Copy out the lines beginning with the one that contains "Детское сиденье для" and ending with the last line below, exactly as they stand. Pictures are not copied.

**Given data:**
'''
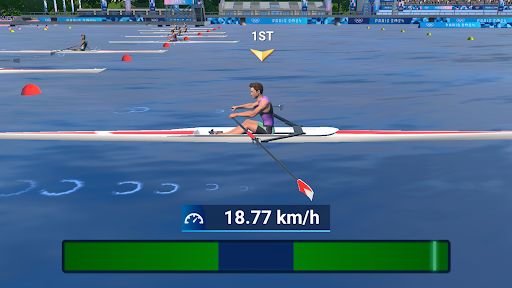 Olympics Go Paris 2024 Mobile Game Free Download v1.5.0 screenshot 1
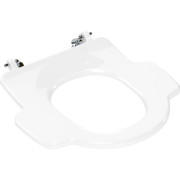 Детское сиденье для унитаза Villeroy & Boch O.Novo Kids дюропласт AntiBac альпийский белый 8M1361T1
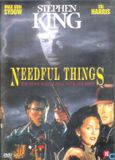 Merkloos Needful Things DVD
'''
**Result of this exercise:**
 Детское сиденье для унитаза Villeroy & Boch O.Novo Kids дюропласт AntiBac альпийский белый 8M1361T1
 Merkloos Needful Things DVD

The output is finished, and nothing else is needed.